DATA EXTRACT:
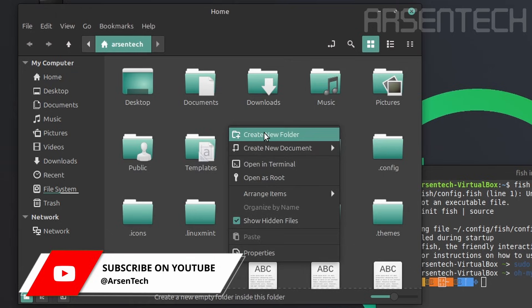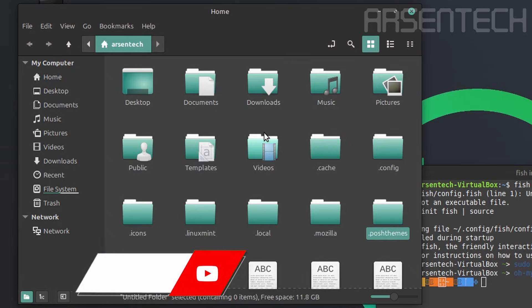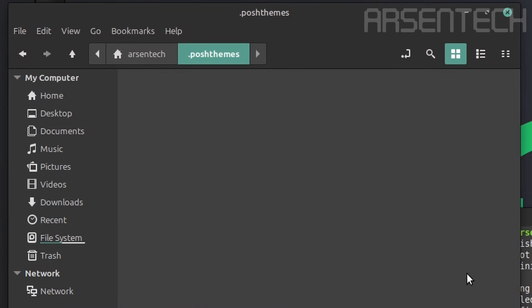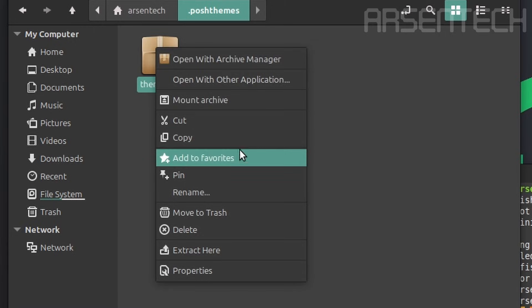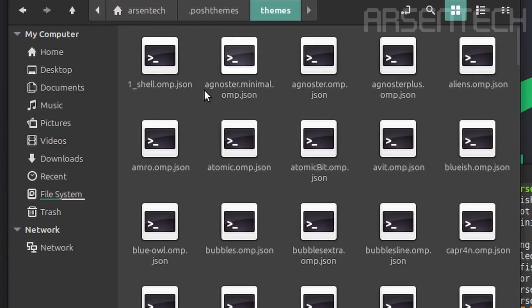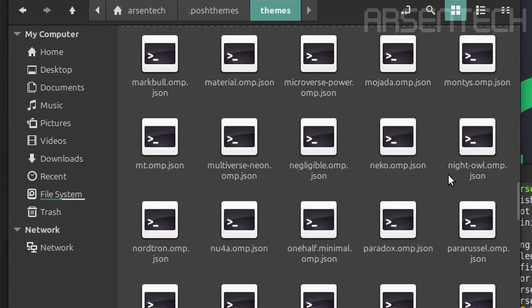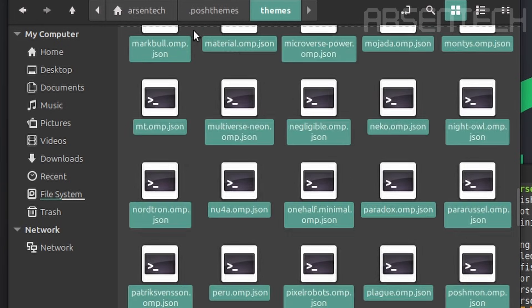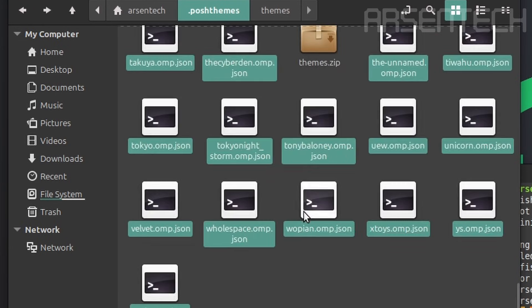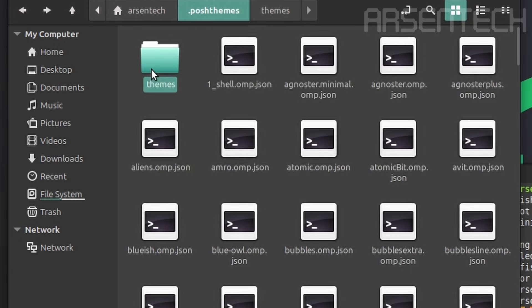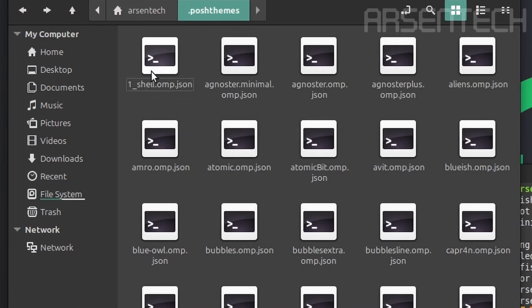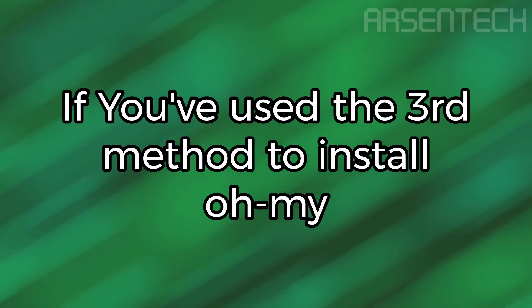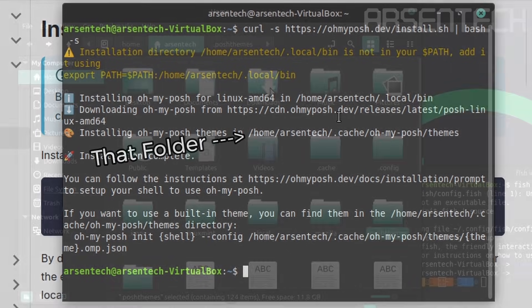While the nerd font is downloading, create a new folder called .poshthemes. Copy the themes.zip and paste it into .poshthemes folder. Right click on the zip file, then select extract here. After that, go to the themes folder, select every single JSON file which are the OhMyPosh themes, then move it into .poshthemes folder. Then delete the themes folder. If you have used the third method to install OhMyPosh, the themes are automatically installed into this specific folder.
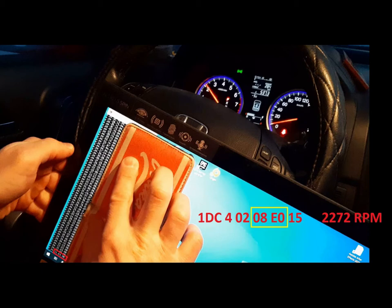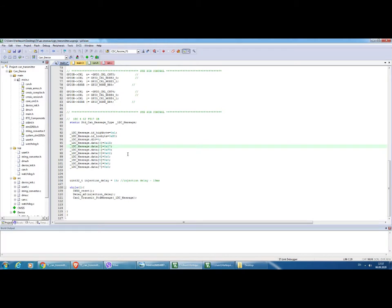I have an idea how this is supposed to work, but I'm not sure. So what I'm going to do now is inject a new RPM value that is beyond the limits of the dial.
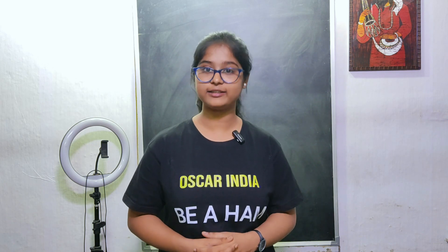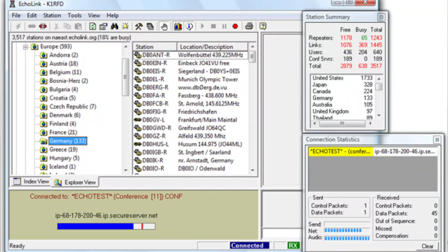Ecolink also offers a range of features that enhance user experience. For example, users can search for other users by their call sign or location. They can join chat rooms and discuss specific topics, or they can use the built-in text messaging feature to communicate with each other. Ecolink also provides access to various kinds of weather and news services, which can be really helpful to remain informed about events and conditions.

TASK ITEM: Transcribe the listing in full and omit the pictures.

WRITTEN ANSWER:
While the nerd font is downloading, create a new folder called .poshthemes. Copy the themes.zip and paste it into .poshthemes folder. Right click on the zip file, then select extract here. After that, go to the themes folder, select every single JSON file which are the OhMyPosh themes, then move it into .poshthemes folder. Then delete the themes folder. If you have used the third method to install OhMyPosh, the themes are automatically installed into this specific folder.
I have an idea how this is supposed to work, but I'm not sure. So what I'm going to do now is inject a new RPM value that is beyond the limits of the dial.
Ecolink also offers a range of features that enhance user experience. For example, users can search for other users by their call sign or location. They can join chat rooms and discuss specific topics, or they can use the built-in text messaging feature to communicate with each other. Ecolink also provides access to various kinds of weather and news services, which can be really helpful to remain informed about events and conditions.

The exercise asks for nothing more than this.